Exercise inputs:
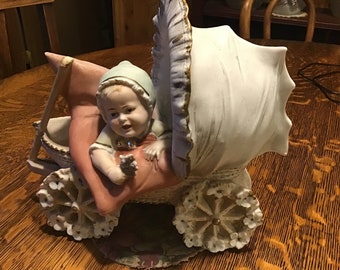 RARE Heubach Baby in Buggy, on Pillow, Flowers on Wheels, Bisque Porcelain, c.1930’s, Excellent Condition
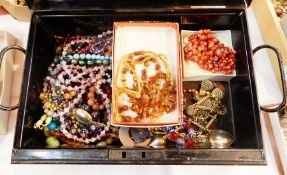 A string of amber nugget beads,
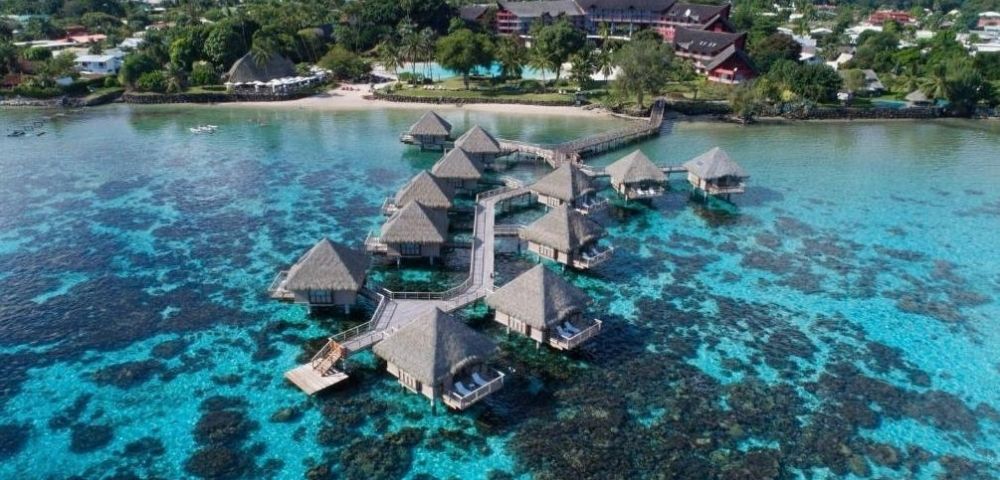 Aerial view of turquoise tropical waters, coral reefs, and thatched overwater bungalows connected by walkways near a lush island resort.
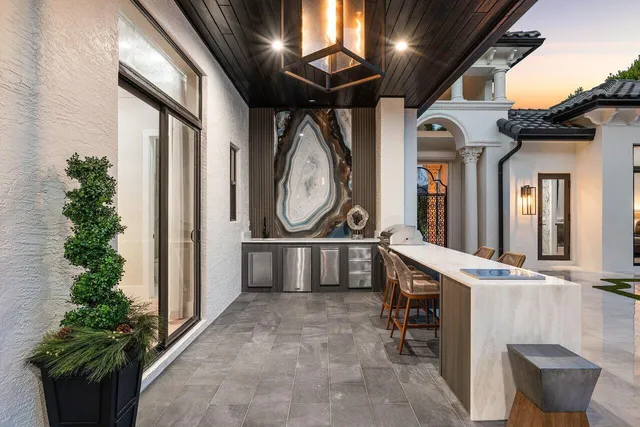 a view of a chairs and table in th patio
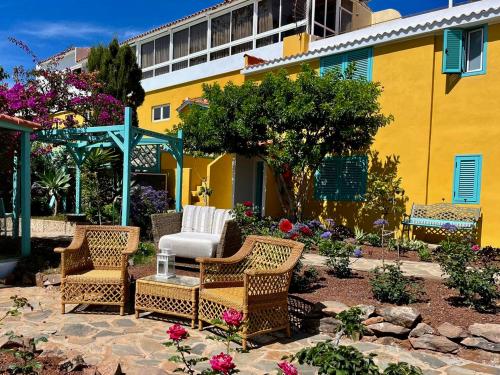 un patio con sedie in vimini e un edificio giallo di La Finquita - Adeje ad Adeje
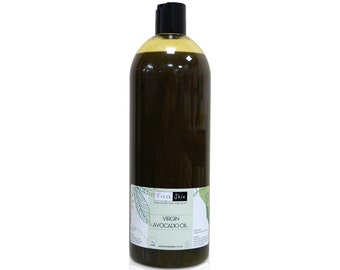 Könnte beinhalten: Eine durchsichtige Glasflasche mit schwarzem Verschluss, gefüllt mit grünem, nativem Avocadoöl. Die Flasche hat ein weißes Etikett mit grünem Text, auf dem "Fresh Skin Virgin Avocado Oil" und eine Website-Adresse stehen.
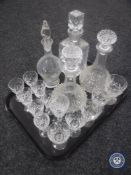 A tray of assorted drinking glasses and four decanters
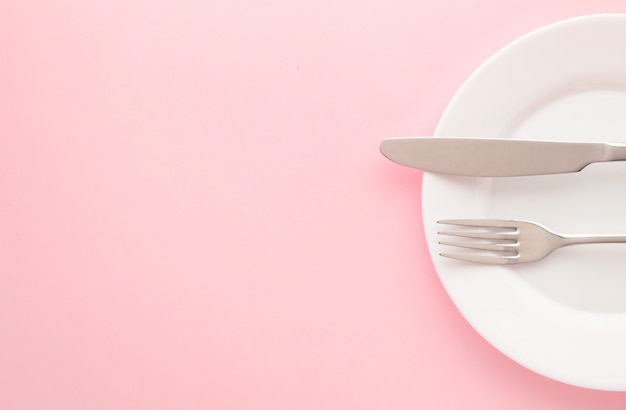 White empty plate with fork and knife on a pink table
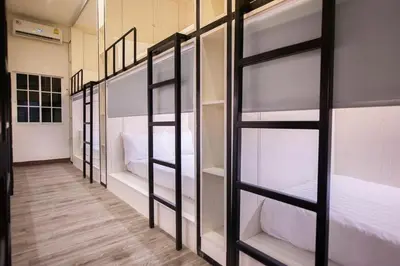 a room with four bunk beds in it at Comfy Crib Hostel in Bangkok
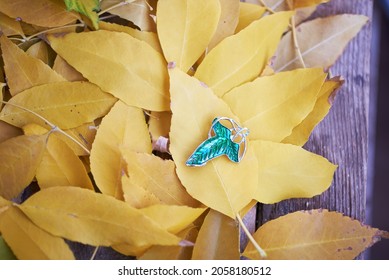 Elven Lorien brooch lies on a yellow leaves carpet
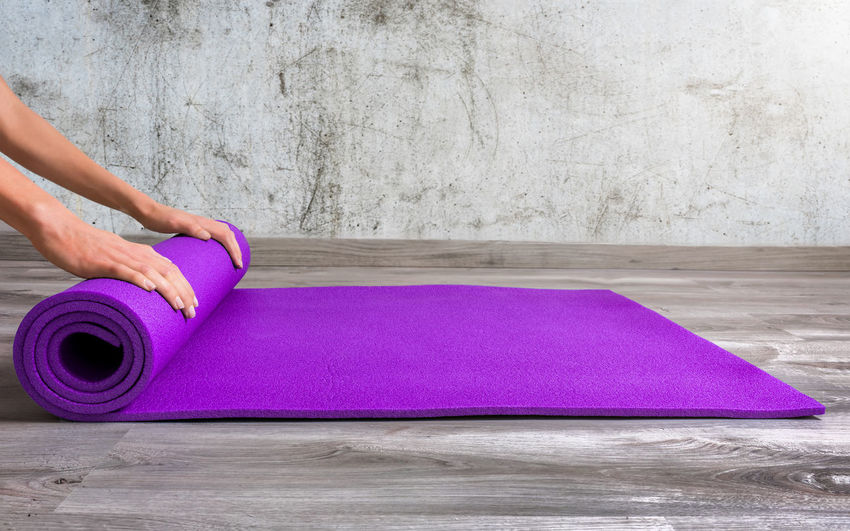 Low section of person rolling yoga mat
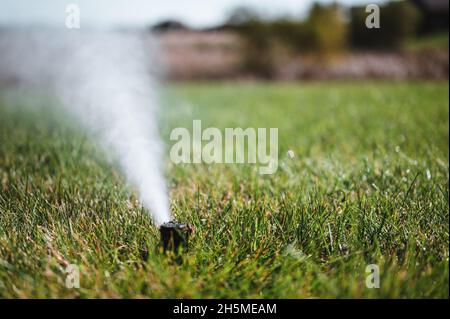 winterizing a irrigation sprinkler system by blowing pressurized air through to clear out water Stock Photo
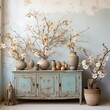Blue cabinet with magnolia flowers in pots and vases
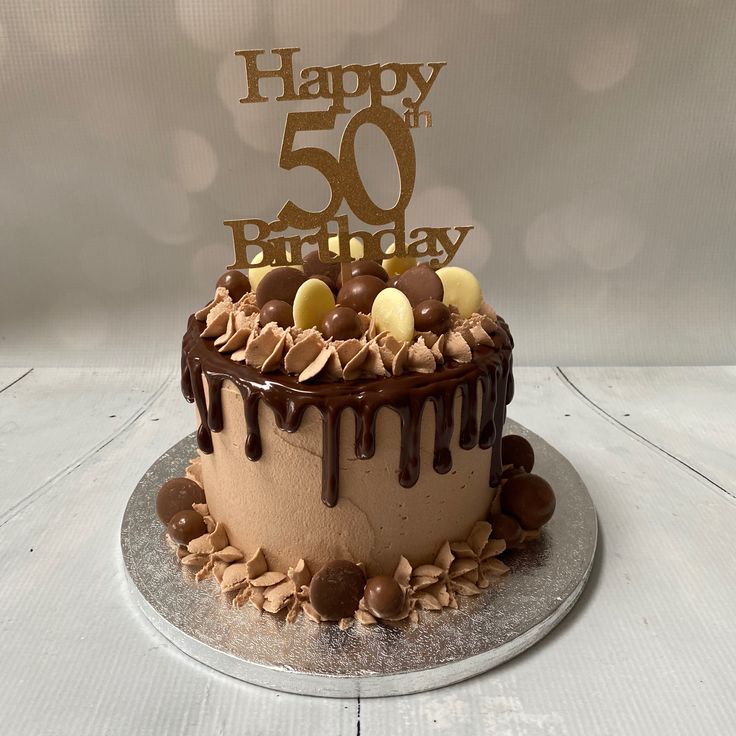 a birthday cake with chocolate frosting and nuts on top that says happy 50 th birthday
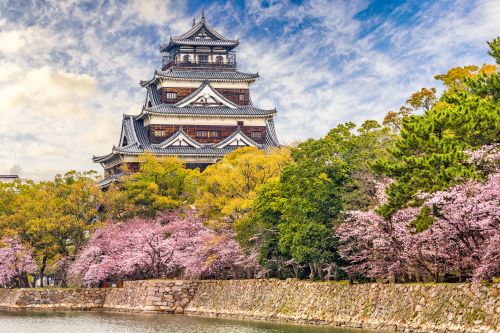 A tall shrine peering over some pink cherry blossoms in Japan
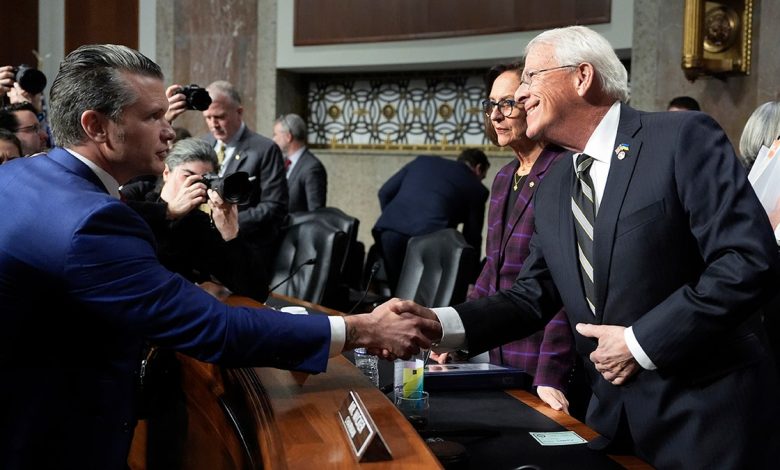 Pete Hegseth shaking hands with Chairman Roger Wicker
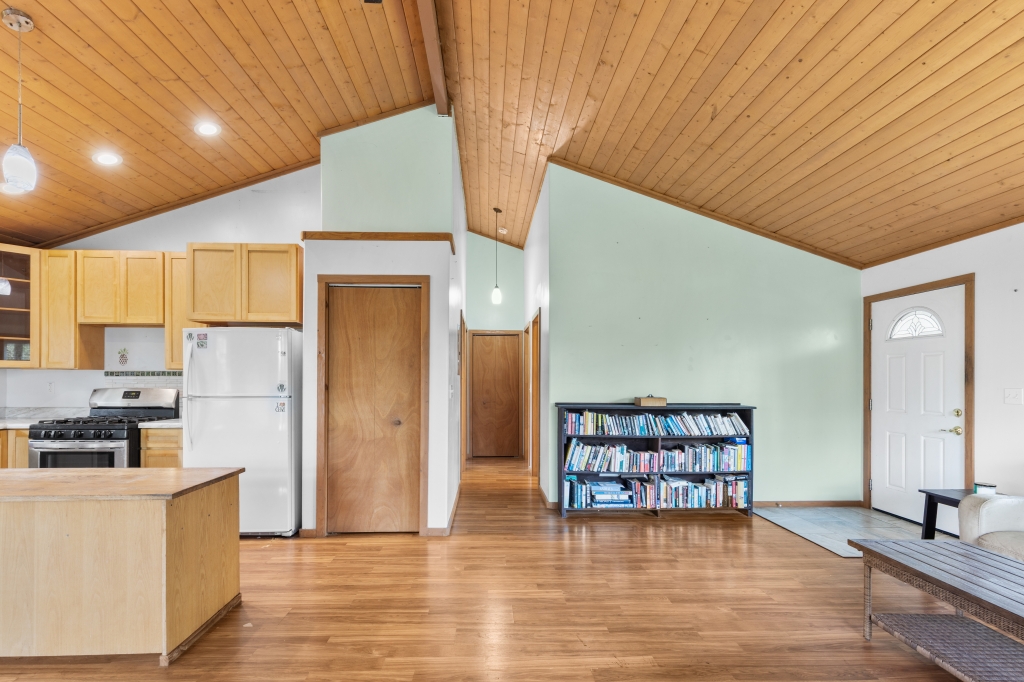 16-2103 Opeapea Road Mountain View, HI 96771 - Photo 8 of 30 a view of kitchen with furniture and wooden floor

Aim of the task:
Take the lines from the start of the entries through the line containing "White empty plate" and set them down exactly, leaving out every picture.

Written solution:
 RARE Heubach Baby in Buggy, on Pillow, Flowers on Wheels, Bisque Porcelain, c.1930’s, Excellent Condition
 A string of amber nugget beads,
 Aerial view of turquoise tropical waters, coral reefs, and thatched overwater bungalows connected by walkways near a lush island resort.
 a view of a chairs and table in th patio
 un patio con sedie in vimini e un edificio giallo di La Finquita - Adeje ad Adeje
 Könnte beinhalten: Eine durchsichtige Glasflasche mit schwarzem Verschluss, gefüllt mit grünem, nativem Avocadoöl. Die Flasche hat ein weißes Etikett mit grünem Text, auf dem "Fresh Skin Virgin Avocado Oil" und eine Website-Adresse stehen.
 A tray of assorted drinking glasses and four decanters
 White empty plate with fork and knife on a pink table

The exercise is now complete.